TOKYO – This month, 12 countries on both sides of the Pacific finalized the historic Trans-Pacific Partnership trade agreement. The scope of the TPP is vast. If ratified and implemented, it will have a monumental impact on trade and capital flows along the Pacific Rim. Indeed, it will contribute to the ongoing transformation of the international order. Unfortunately, whether this will happen remains uncertain.
The economics of trade and finance that form the TPP’s foundations are rather simple, and have been known since the British political economist David Ricardo described them in the nineteenth century. By enabling countries to make the most of their comparative advantages, the liberalization of trade and investment provides net economic benefits, although it may hurt particular groups that previously benefitted from tariff protections.
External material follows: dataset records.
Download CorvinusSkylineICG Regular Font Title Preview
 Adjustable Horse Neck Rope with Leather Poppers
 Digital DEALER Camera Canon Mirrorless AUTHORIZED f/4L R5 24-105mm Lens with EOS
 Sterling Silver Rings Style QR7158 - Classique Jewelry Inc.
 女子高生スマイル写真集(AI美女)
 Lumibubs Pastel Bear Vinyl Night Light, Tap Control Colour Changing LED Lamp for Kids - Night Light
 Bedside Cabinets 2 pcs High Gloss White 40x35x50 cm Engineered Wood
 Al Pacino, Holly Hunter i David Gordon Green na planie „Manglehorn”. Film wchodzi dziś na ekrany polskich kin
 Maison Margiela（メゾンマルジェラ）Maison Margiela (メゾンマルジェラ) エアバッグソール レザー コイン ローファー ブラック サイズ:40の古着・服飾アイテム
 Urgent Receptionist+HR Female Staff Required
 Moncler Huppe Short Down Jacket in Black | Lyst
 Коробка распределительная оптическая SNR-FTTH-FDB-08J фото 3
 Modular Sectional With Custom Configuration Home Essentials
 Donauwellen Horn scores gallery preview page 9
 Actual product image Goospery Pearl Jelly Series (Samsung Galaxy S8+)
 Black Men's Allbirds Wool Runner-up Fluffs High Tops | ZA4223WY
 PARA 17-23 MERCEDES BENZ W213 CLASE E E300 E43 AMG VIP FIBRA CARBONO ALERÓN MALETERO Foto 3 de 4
But the politics of trade liberalization – that is, the way in which countries proceed to accept free trade – is much more complex, largely because of those particular groups it hurts. For them, the overall economic benefits of trade liberalization matter little, if their own narrow interests are being undercut. Even if these groups are relatively small, the discipline and unity with which they fight trade liberalization can amplify their political influence considerably – especially if a powerful political figure takes up their cause.
That is what is now happening in the United States. Former Secretary of State Hillary Clinton undoubtedly understands the economics of the TPP, which she once called the “gold standard” in trade agreements. But now that she is on the presidential campaign trail, she has changed her tune. The reason is apparent: she has judged that she cannot afford to lose the support of American trade unions such as the United Automobile Workers, whose members fear a reduction in tariffs on car and trucks.